According to her Facebook page, Johnson and Jason Brown had been married since April 9, 2013. Brown, a fellow Louisiana native, studied journalism at the University of Louisiana Lafayette, graduating in 2005. He had previously worked as the cops and courts reporter for The Advocate from 2008 to 2012.

She posted this photo to her page after three months of marriage:


Three months of marriage down. The rest of our lives to go. Let's do this thing!
After news broke that Johnson had been identified as one of the victims of the shooting, her Facebook page became a memorial of sorts as posts and messages came pouring in to honor her memory.

2. She & Her Husband Owned Red Arrow Workshop


The couple opened their first store in August 2012, in Lafayette’s River Ranch area. It features a collection of “hip, well-designed items” along with goods the pair has made themselves and items made in Louisiana. According to the website, the store features products that “reflect our ongoing commitment to sustainable living and beautiful design.”

Last fall, Jason and Jillian decided to expand their retail endeavors to a second store, opening a store on Magazine Street in New Orleans, featuring a full selection of Red Arrow goods.

3. Johnson Described Herself as a ‘Sentimental Hoarder & Uptight Minimalist’

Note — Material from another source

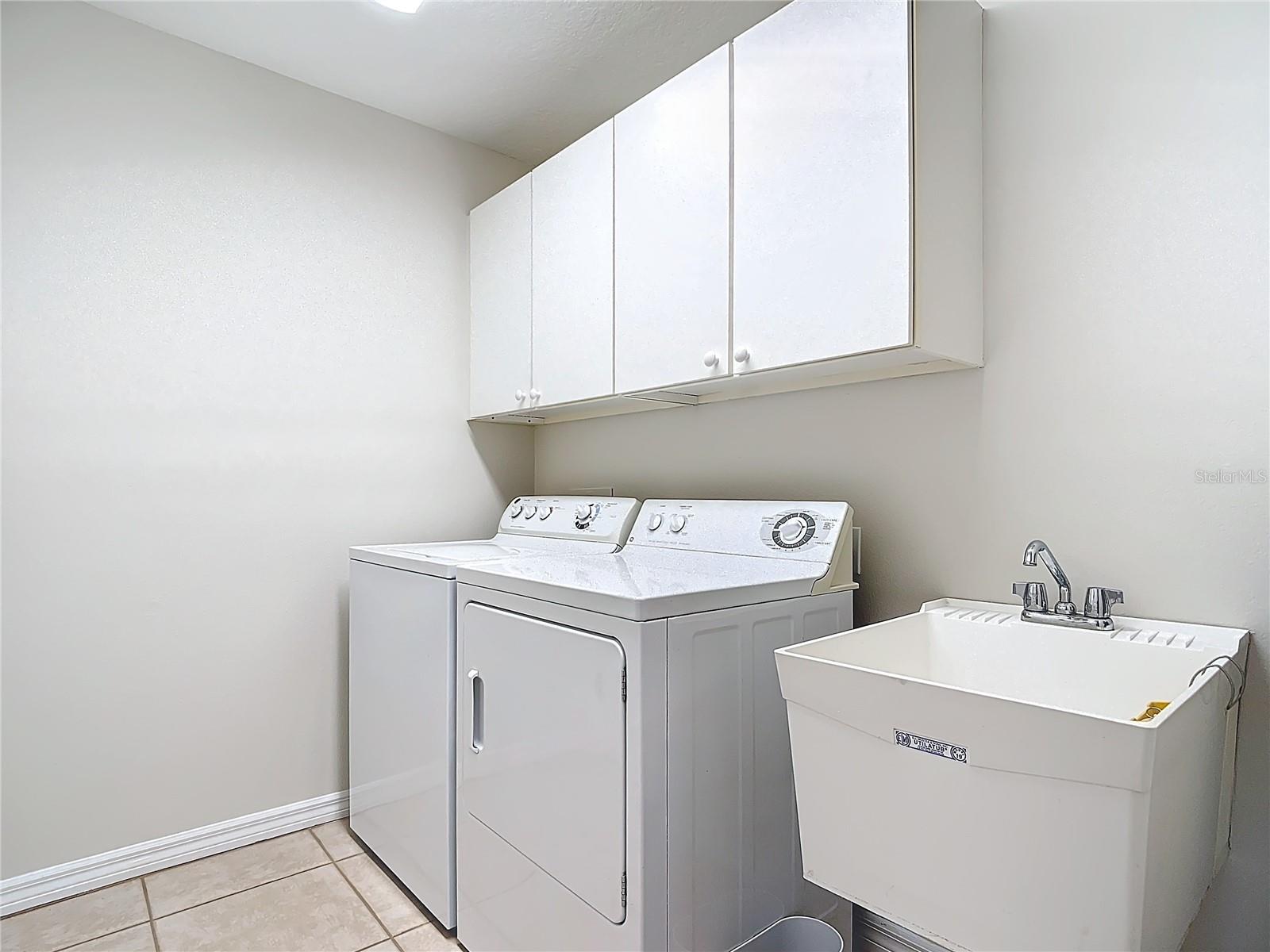 5062 FLAGSTONE DR, SARASOTA, FL, 34238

According to her “important things to know page” on her store’s website, Johnson was a little bit eccentric but in a way that also made her more than just a little bit endearing.

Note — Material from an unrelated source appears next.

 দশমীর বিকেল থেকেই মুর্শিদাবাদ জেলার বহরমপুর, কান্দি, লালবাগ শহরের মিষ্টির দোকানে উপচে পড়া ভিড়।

In addition to her self-described hoarder tendencies, Johnson also wrote that she is obsessed with Fats Waller, Tina Turner and John Steinbeck and that she’s not a big fan of ice cream. Her friends and family, flooding her Facebook wall on Friday morning with memories and sentiments, called Johnson “a beautiful, confident, statuesque woman” as well as an “extremely talented artist and musician.”

4. Johnson Also Worked on the Louisiana Flea Market Circuit


Although she and Brown operated two standalone stores, they also worked regularly on the flea market circuit throughout Louisiana.


In addition to Red Arrow, Johnson helped create Parish Ink, which designed and sold t-shirts as well as operating her own Etsy shop that could ship goods from both creative endeavors across the country. She also worked regularly with her older brother Bram, who helped design the apparel that Parish Ink produced and sold.

5. She Graduated from a Nashville, Tennessee High School


Although Johnson had lived in Lafayette for years and built a life for herself there, she had also spent time in Nashville, Tennessee. She graduated from Hillwood High School in 2000 and earned her B.F.A in fine arts from the Univeristy of Louisiana at Lafayette.

Johnson was incredibly proud of her Louisiana roots and frequently used the design of the state in her own work. As social media posts began to pour in honoring Johnson, this “Louisiana Power” banner was frequently mentioned. In fact, it’s the same banner and design that can be seen in the background of Johnson and Brown’s wedding photos as well.

Lafayette is about 60 miles west of Baton Rouge. Louisiana governor Bobby Jindal called the shooting “an awful night for Lafayette, this is an awful night for Louisiana, this is an awful night for the United States. But we will get through this.”